今まで取り扱ってきた財務会計や管理会計については、「自社」の「過去の事象」だったり、「過去の事象に基づいた未来の意思決定」という分野でした。

このように会計は基本的に「過去」+「自社」の事象をメインに扱います。

しかしながら、ビジネスは「自社」で完結することはなく、常に「他社」および「未来」が存在することとなります。

考えてみれば当然で、ビジネスはこれから利益をどう上げていくかは「未来」の話で、「過去」どんなに利益を上げていても、それだけでは未来永劫の繁栄の保証にはなりませんよね。

ここで、会計のメインである「過去」とビジネスの「未来」を会計の側面からつなぐものがファイナンスという学問になります。

今回はファイナンスを役立てる前の基礎知識となります。それではいってみましょう。

このブログはこんなブログ
このブログは「グローバル×会計専門性」を目指す人を対象に、「米国公認会計士の魅力やキャリア情報、及び「グローバル×会計専門性」というキャリアを歩むうえで役に立つノウハウが得られる」というコンセプトで運営しています。
前提知識はゼロかつ初心者向けの記事のため、「グローバル×会計専門性」のキャリアを目指すつもりがない方でも、会計のエッセンスの理解に役立つ記事の執筆を心掛けています。
ご参考にして頂ければ幸いです。

ファイナンスとは?

ファイナンスは、統計学の知識をベースにキャッシュフローに焦点をおいた学問で、企業の未来の投資の意思決定に貢献しています

なぜキャッシュフローに焦点をおくのかな?

直感的にもわかると思いますが、ビジネスはキャッシュに一番重点を置いているからです。

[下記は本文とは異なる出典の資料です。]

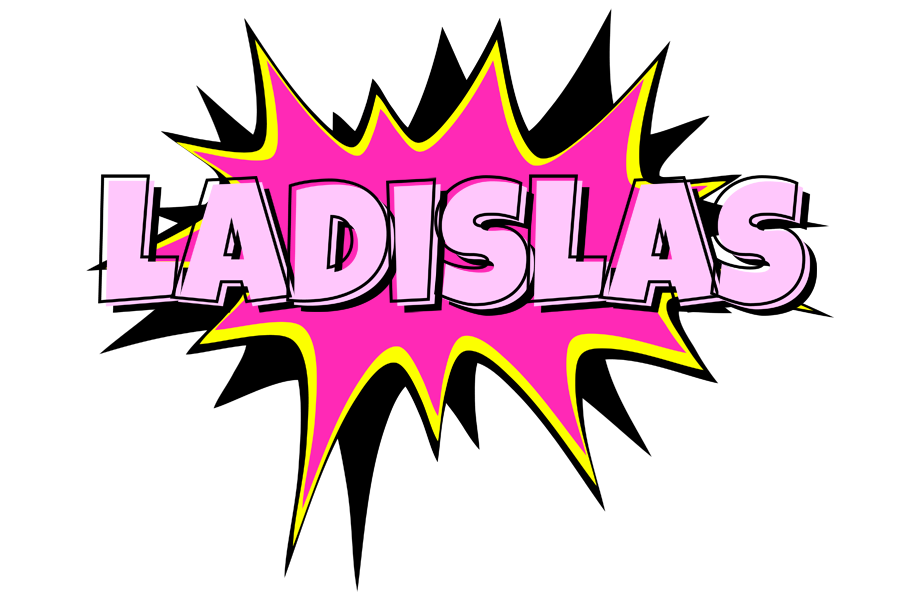 Ladislas badabing logo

例えば、掛けで売上をいくら上げても、その掛け金を回収できなければ売上はゼロに等しいですよね。

新たに設備投資をしようと思っても、手元にキャッシュがなければどうしようもありませんよね。

一方、会計は発生主義に基づき、期間を一定に区切った「利益」を重視しますので、対照的ですね。

ファイナンスは難解な統計学に基づいている学問ですので、難しいのは間違いないですが、先人たちが導いてくださった結論を上手に利用しながら、実務で応用していくのはそれほど難しいことではないかと思います。

EBIT、EBITDAとは?

EBIT(イービット)やEBITDA(イービッダー)という用語はどこかで聞いたことがあるかもしれません。これらはファイナンスでは普通に登場します。

EBIT = Earnings Before Interest and Taxes (税金支払いとと金利支払い前の利益)

EBITDA = Earnings Before Interest, Taxes, Depreciation, and Amortization (税金、金利支払い前、減価償却費及び無形資産償却費を控除する前の利益)

会計の利益を簡易的にキャッシュフローに直したものがEBITDAです。ファイナンスはキャッシュに注目していることから、報告された業績(=会計上の利益)から簡易的にキャッシュフローを計算することが目的になります。

一方、継続的に発生する本業からの利益を示したものがEBITとなります。継続的に発生する本業からの利益を基準として将来のキャッシュフローが見積もられますので、EBITといった概念が登場するのです。

詳細は以下の記事で解説しましたので、ご興味ある方はご一読ください。

現在価値とは?複利とは?

ファイナンスの特徴ともいえる現在価値の概念とは、将来のキャッシュフロー(例えば、1年後の100万円)と現時点のキャッシュ(例えば、今手元にある100万円)は価値が同一ではない、ということです。

どういうことでしょうか?

例えば、日本国債を100万円買ったとします。仮に1年後に利息が1万円(=年率1%)つくとしたら、今現在手元にある100万円は1年後には合計101万円になります(簡略化のため日本国債がデフォルトすること(100万円が将来返済されないこと)はないとします)。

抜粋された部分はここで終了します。